Workshop Datasets

Currently, most deepfake detection datasets focus primarily on binary classification labels and do not provide annotated masks for manipulated regions. This significantly limits the progress in deepfake localization tasks. To address this, we have constructed a large-scale deepfake detection and localization (DDL) dataset that includes both unimodal (image) and multimodal (audio-video) data, covering both visual and temporal task formats. Our dataset overcomes previous limitations related to coarse annotations of manipulated regions and a lack of diversity in manipulation techniques.

Deepfake Detection and Localization Image (DDL-I) Dataset

View table 1 in detail
📊

1.5M+ Samples

Images with pixel-level annotations

🤖

61 Algorithms

Covering latest generation methods

🌍

Multi-Scenario

Single & multi-face contexts

Key Aspects

Diverse Forgery Scenarios

  • The dataset covers both single-face and multi-face scenarios, simulating complex forgery content and contexts found in the real world.

Pixel-level Forgery Regions Annotations

  • It provides detailed pixel-level forgery region mask labels that are preserved during the forgery process. These fine-grained annotations can advance the development of forgery localization tasks.

Comprehensive Deepfake Methods

  • We integrated 61 deepfake methods across four major forgery types: face swapping, face reenactment, full-face synthesis, and face editing.

Training Data Description

In this task, we aim to detect deepfake images and localize deepfake areas with labels and masks access. The data consists of 1.2 million images, divided into three sub-datasets: "real", "fake", and "masks". The "real" sub-dataset contains genuine face images (label=0), while the "fake" sub-dataset holds artificially generated face images (label=1).
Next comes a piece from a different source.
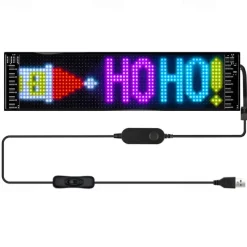 LED Car Sign Ultra Thin Flexible LED Matrix Panel USB 5V Bluetooth Application Control DIY Programmable Scrolling LED Sign for Car Party Wedding Festival, Car Accessories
Each image in the "fake" sub-dataset has a corresponding mask image located in the "masks" sub-dataset, which can be matched using the filename.

Sample Images

Table 1

Comparison of existing face deepfake datasets

Table1

Our DDL-I surpasses others in terms of the diversity of forgery methods, the scale of fake samples, and the complexity of forgery scenarios. Cla: Binary classification.
SL: Spatial forgery localization. Multi-Face: One or more faces in a multi-face image are manipulated.

Deepfake Detection and Localization Audio-Video (DDL-AV) Dataset

View table 2 in detail

By incorporating multiple forgery techniques and a large dataset, DDL-AV offers researchers a more challenging and practical dataset that better simulates complex forgery scenarios in the real world.
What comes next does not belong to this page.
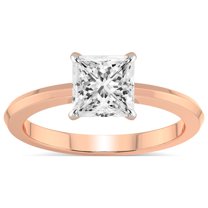 IGI Certified 3 Carat Princess Shape Lab Grown Diamond Engagement Ring | 14K Rose Gold | Eva Six Prong Knife Edge Lab Diamond Ring | FG-VS1-VS2 Quality Friendly Diamonds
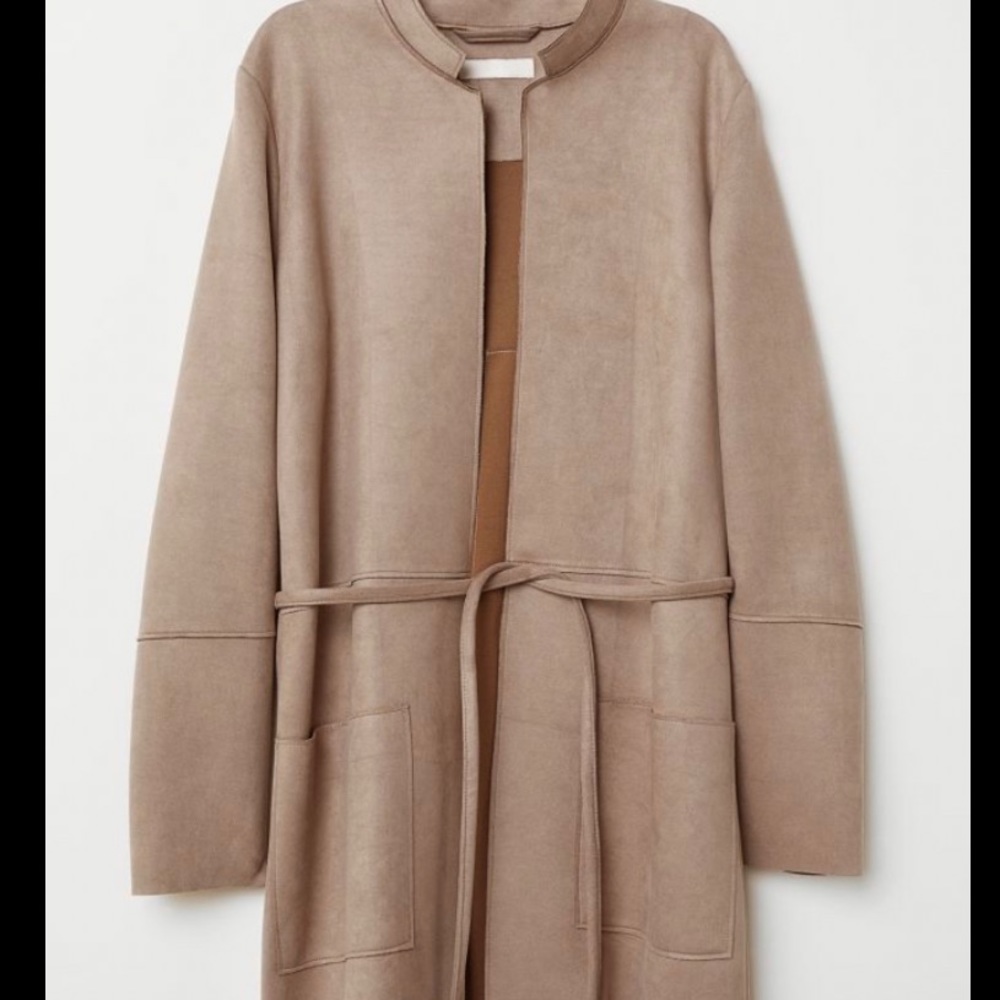 H&M Faux Suede Trench Coat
Advancing Audio Forgery Techniques

The dataset includes a suite of state-of-the-art audio forgery technologies, covering various text-to-speech, voice cloning, and voice swapping techniques. This significantly enhances the complexity of audio forgeries.
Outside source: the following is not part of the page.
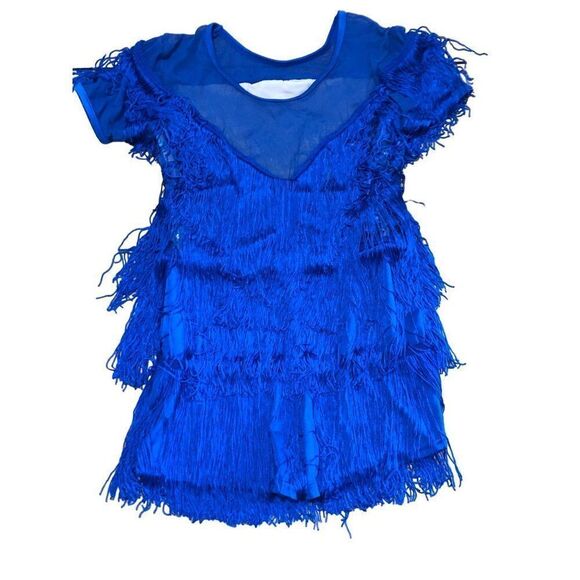 Kids Blue Fringe Dance Costume - Picture 3 of 4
Comprehensive Visual Forgery Methods

For visual forgery, it integrates cutting-edge methods such as face swapping, facial animation, face attribute editing, and text-to-video generation (AIGC Video).

Diverse Forgery Modes

The dataset includes three forgery modes: fake audio and fake video, fake audio and real video, and real audio and fake video. Notably, it contains a substantial amount of data involving local manipulations with deletion, replacement, and insertion techniques.

Asynchronous Temporal Forgery Type

We innovatively introduce asynchronous temporal forgery types, where audio and video forgery segments occur on different time sequences.

Standardized Data Format

We standardized the data format to ensure compatibility and ease of use, setting it at 25fps frame rate, AAC audio encoding, H.264 video encoding, 224×224 resolution, and stereo audio

Training Data Description

In this task, we aim to detect the deepfake videos and temporal localize the fake segments in the videos with full-level labels access. The data consists of 0.2 million videos, divided into two sub-datasets: "real" and "fake." The "real" sub-dataset contains genuine audiovisual samples where both the audio and visual components are authentic.

The "fake" sub-dataset is further categorized into three types of forgeries:

For each fake video, we provide a corresponding JSON file recording the forged content in detail. Here is an example below.

Sample Images

Table 2

Details for publicly available audio-video deepfake datasets in chronological order

Table2

Cla: Binary classification, TL: Temporal localization, V: only video modality, A: only audio modality, AV: audio-video multiple modality.